The South African Banking Risk Information Centre (Sabric) has warned South Africans to beware of money schemes that offer unusually high interest rates and returns.

The organization has warned that consumers need to understand the associated risks before accepting offers that promise quick and large returns, and that the probability of actually getting rich this way, is very low to none.

CEO Kalyani Pillay said: “It is important for consumers to educate themselves on how to identify risky and illegal schemes upfront.
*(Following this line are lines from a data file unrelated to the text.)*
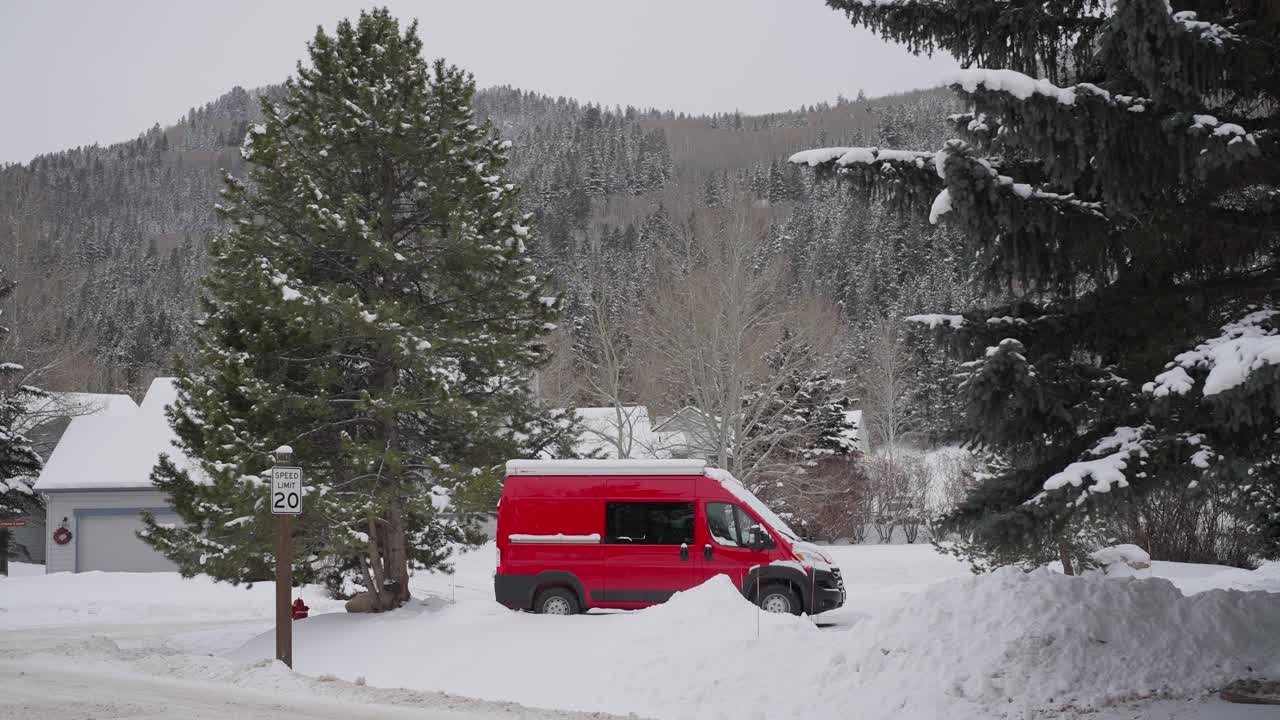 Furgone rosso parcheggiato in un villaggio e paesaggio montano innevato in una fredda giornata invernale.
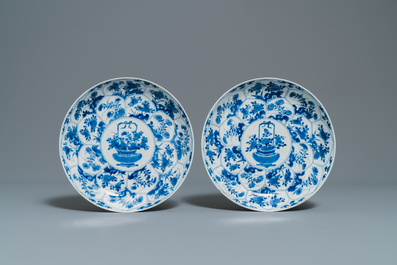 A pair of Chinese blue and white 'flower basket' dishes, Kangxi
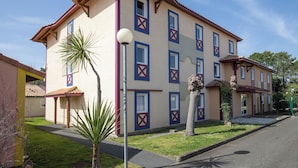 Un immeuble à plusieurs étages, doté d’une façade symétrique, de nombreuses fenêtres et d’une entrée centrale.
Whilst banks do warn their clients when they detect such schemes, promoters are deploying more clandestine approaches to avoid detection by banks.”
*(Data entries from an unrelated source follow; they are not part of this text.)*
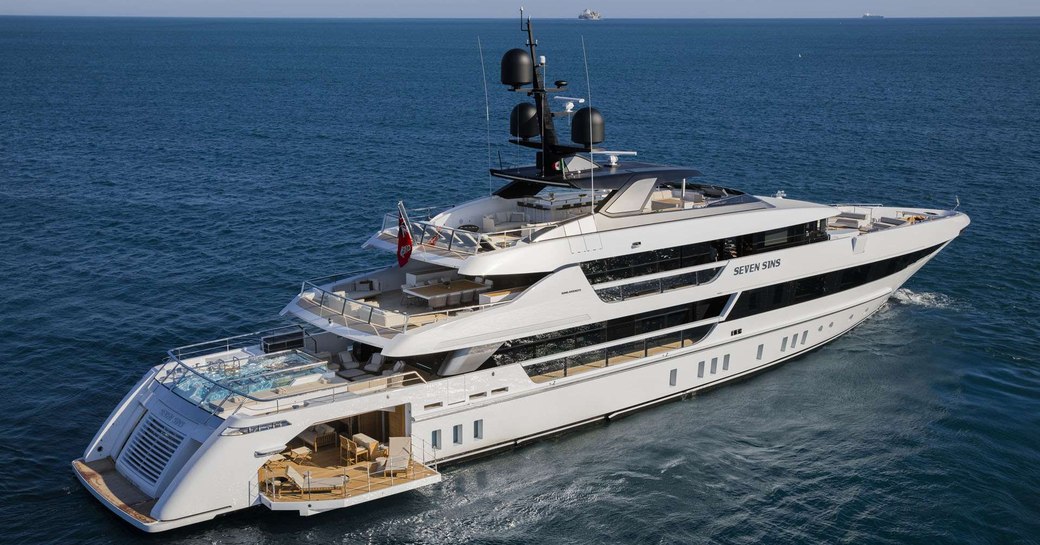 Superyacht Seven Sins anchors on a luxury yacht charter
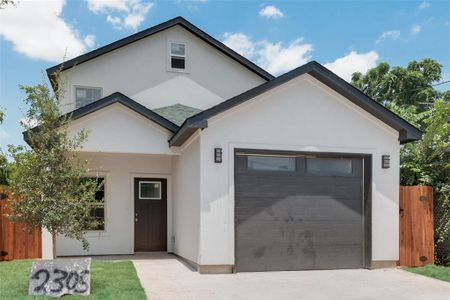 View of front facade featuring a garage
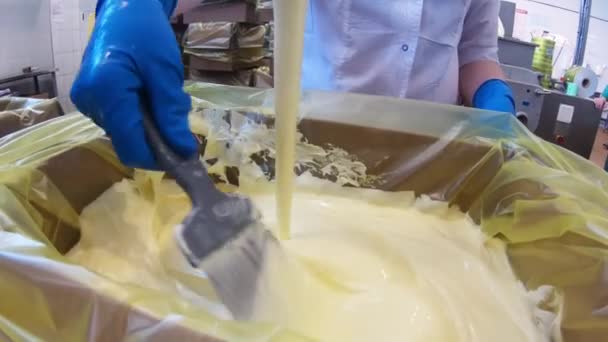 La mantequilla se vierte en una caja en la cremosa. Primer plano de un remolino de crema líquida fundida. — Vídeos de Stock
At some point when there are more existing investors than new investors, the scheme collapses and all moneys invested, could be lost.

Here are tips to identify a Ponzi scheme;

– The promoter promises high returns, which could not be achieved through normal conventional investment opportunities, within a short period.
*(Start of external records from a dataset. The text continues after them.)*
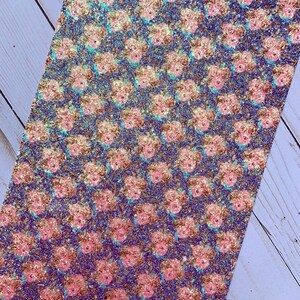 May include: A sheet of glitter fabric with a repeating floral pattern. The flowers are pink and gold, set against a dark blue background. The glitter adds a shimmering effect, suitable for crafts and embellishments.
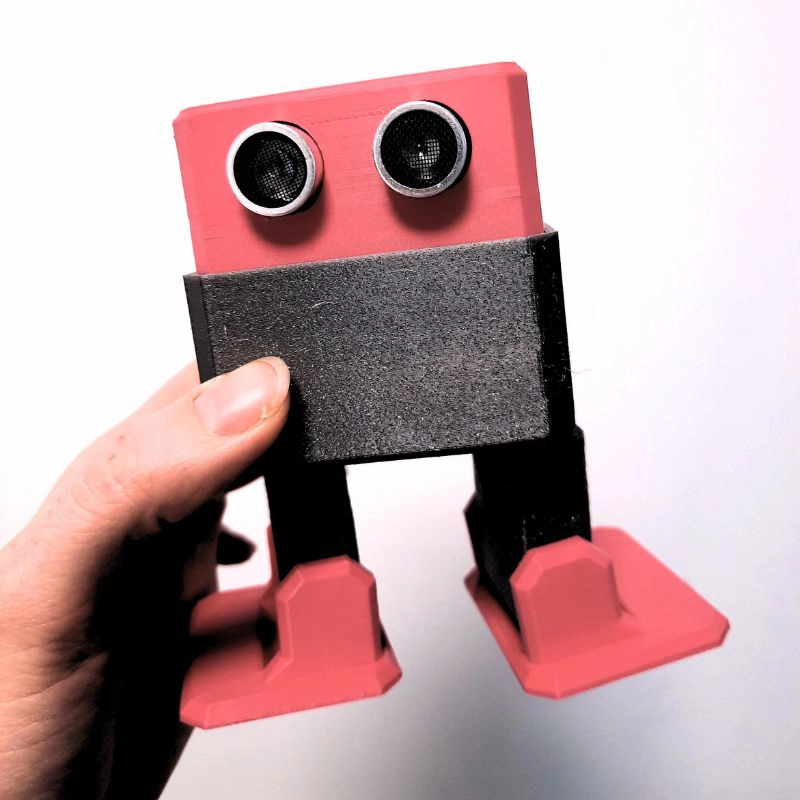 Hand hält kleinen DIY-Roboter mit Ultraschallsensoren als Augen – spielerisches Coding-Projekt für Einsteiger.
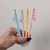 CANETA GEL APAGÁVEL C/ PINGENTE ESTRELA LEO E LEO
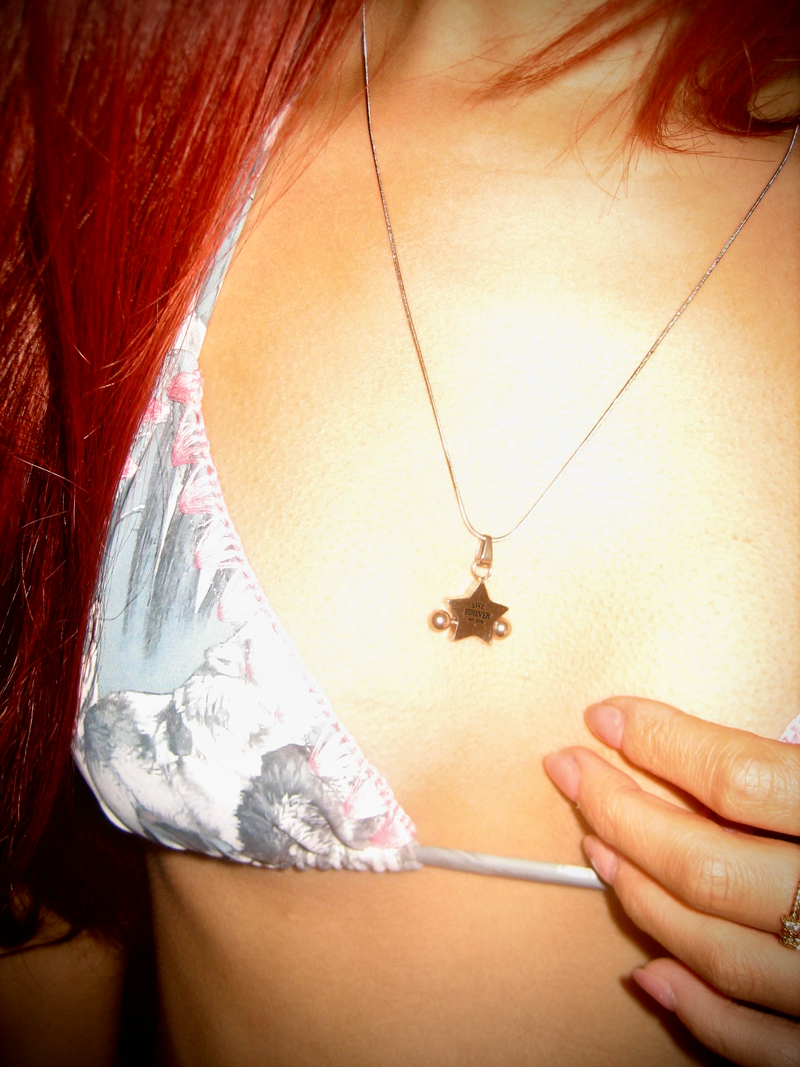PIERCED STAR NECKLACE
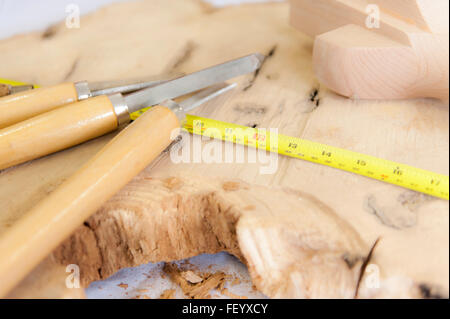 Various chisels and a steel tape measure on a piece of wood with copy space. Stock Photo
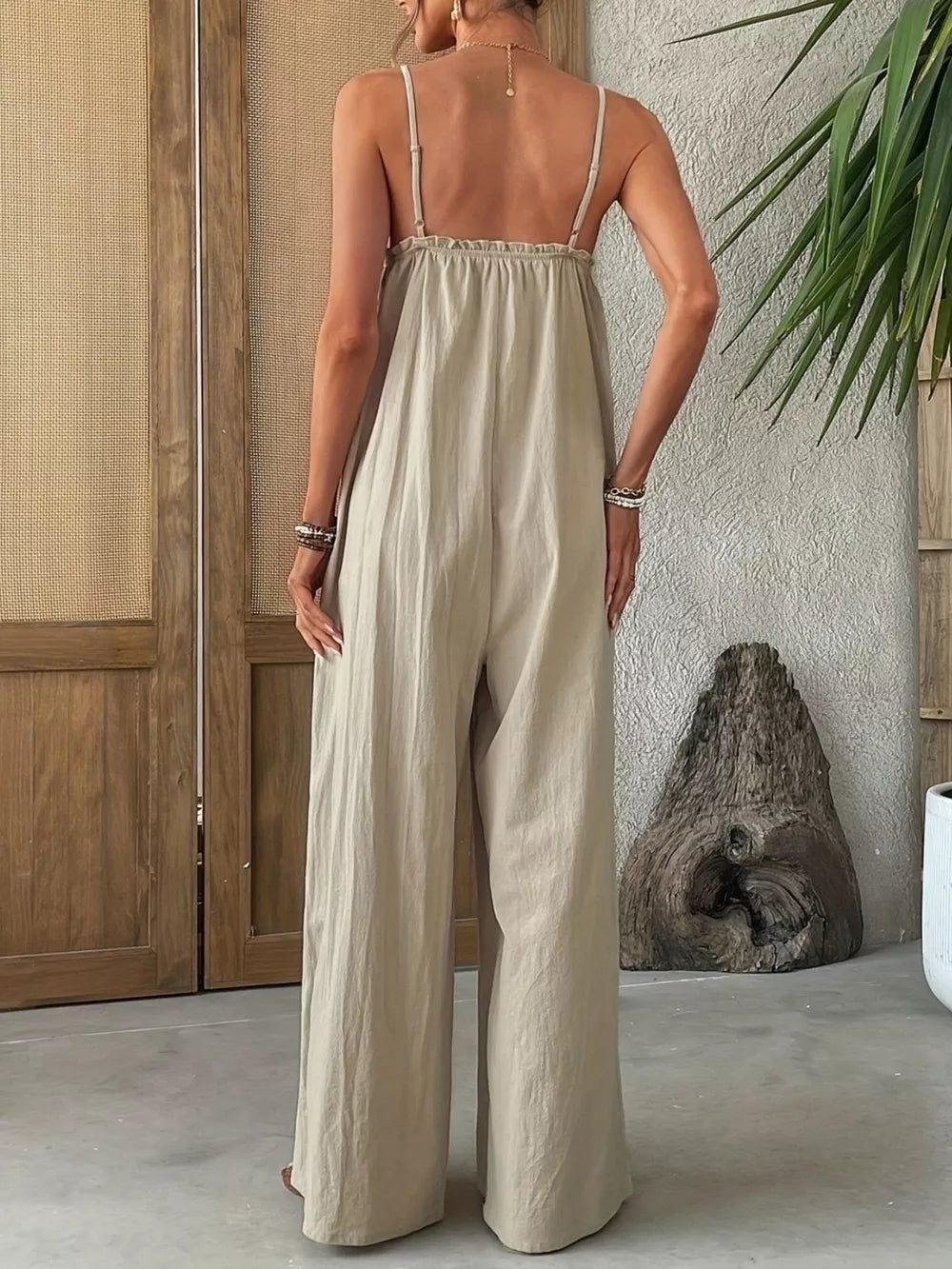 Beige frill-trimmed sleeveless wide-leg jumpsuit with spaghetti straps.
– Often high returns are paid initially and then investors are lured into investing even more money.

– They often promise guaranteed returns – no return is ever guaranteed, all investments carry some risk.

– Promoters are usually quite secretive about the actual business model.

– The promoter becomes unavailable and returns dry up.

– Usually the scheme collapses soon thereafter.
Tips to spot a pyramid scheme are:

– Promoter promise high returns over a short period and your returns increase with the number of people that you recruit to the scheme.

– A fee or initial investment is required to participate in the scheme.

– Participants are asked to recruit more investors and rewarded for bringing them into the scheme.

– The scheme has multiple levels of members, all collecting commission on a single transaction.

– There is no underpinning financial investment that generates growth.

– Participants are sometimes taught how to circumvent detection methods.

– They are often disguised as stokvels and may even use virtual currencies like bitcoins to sidestep the formal banking sector where they could be detected.